Figure 2-3 Global bus architecture with Bi-FIFO [KYE-001]

Although, system performance is heavily dependent on the application running on the system, the bus architecture with an arbiter outperforms the segmented bus architectures due to the performance difference arising from synchronisation protocols. In the segmented bus architecture with registers for data transfer, there is a gap during the read and write time in the current processing core. However, bus architecture with Bi-FIFO shows the best performance for an algorithm that has many local variables, small loops and strong data dependency between functions because they can sequentially process functions with fast memory pointer increments between processors [KYE-001].

A crossbar switch bus architecture connects multiple inputs to multiple outputs in a matrix manner. Figure 2-4 shows a crossbar switch bus architecture. Inputs and outputs are connected through the cross wires and junction switches. All the input paths and output paths have the same bus width and operation frequency. The bus width is kept same so any input path can be connected to output path. With this simple and regular structure, the crossbar switch provides simultaneous multiple connections between its inputs and outputs. When competition for the same shared resource occurs, an arbiter resolves this situation based on any of the arbitration techniques like FIFO, time shared etc.



Figure 2-4 Crossbar Switch Bus Architecture [KYE-001]

#### 2.3.2 Commercially developed shared buses

There are many shared bus architectures developed commercially, with most of the architectures developed to support the company's own cores. These bus architectures, share the same basic concepts, however, different performance tuning schemes are used to make them unique.



Figure 2-5 Avalon bus based system [ALT-002]

Developed by Altera, Avalon is a parameterised bus architecture mainly used for developing SoC architectures based on Nios processor [ALT-002]. Capable of transferring one data item 8-,-16-, 32-, 64-, or 128-bits wide, Avalon has a set of predefined signal types which can be used to connect the cores to its synchronous interface. Multiple bus master support is provided by Avalon along with complete specification for port connections and timing by which components communicate. Masters and slaves interact with each other based on a technique called slave-side (distributed) arbitration. Figure 2-5 shows an Avalon bus based system.

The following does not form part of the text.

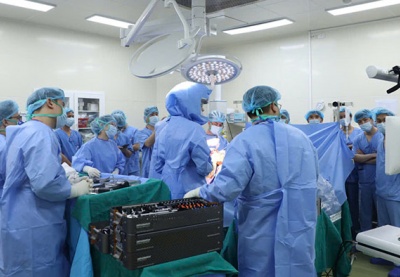 Cột mốc mới nâng tầm phẫu thuật thay khớp tại Việt Nam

Data-path multiplexing, address decoding, wait state generation, dynamic bus sizing, interrupt priority assignment, latent transfer capabilities, and streaming read and write capabilities are some of the features provided by the Avalon bus for its attached peripherals. SOPC Builder is an exclusive Quartus II software tool that automatically generates the Avalon bus architecture to support the Nios based systems getting developed.



Figure 2-6 Wishbone interconnections [AYA-001]

Wishbone is an open source bus architecture developed by Silicore Corporation [WIS-001]. Wishbone defines different interfaces for master and slave cores [AYA-001]. Support is also provided for different types of bus transactions, such as read/write, blocking/unblocking access. In applications where two buses should exist, two separated Wishbone interfaces can be created for slow and fast transactions.

Different types of interconnect topologies (Figure 2-6) are supported by Wishbone including: a point-to-point connection for direct connection of two participants that transfer data according to some handshake protocol, a dataflow interconnection for linear systolic array architectures used in implementation of DSP algorithms, a shared bus for multi core SoCs organized around single system bus and a crossbar switch interconnection used in multi core SoCs where more than one master can simultaneously access several different slaves.



Figure 2-7 PI (Peripheral interconnect) bus architecture [MIL-001]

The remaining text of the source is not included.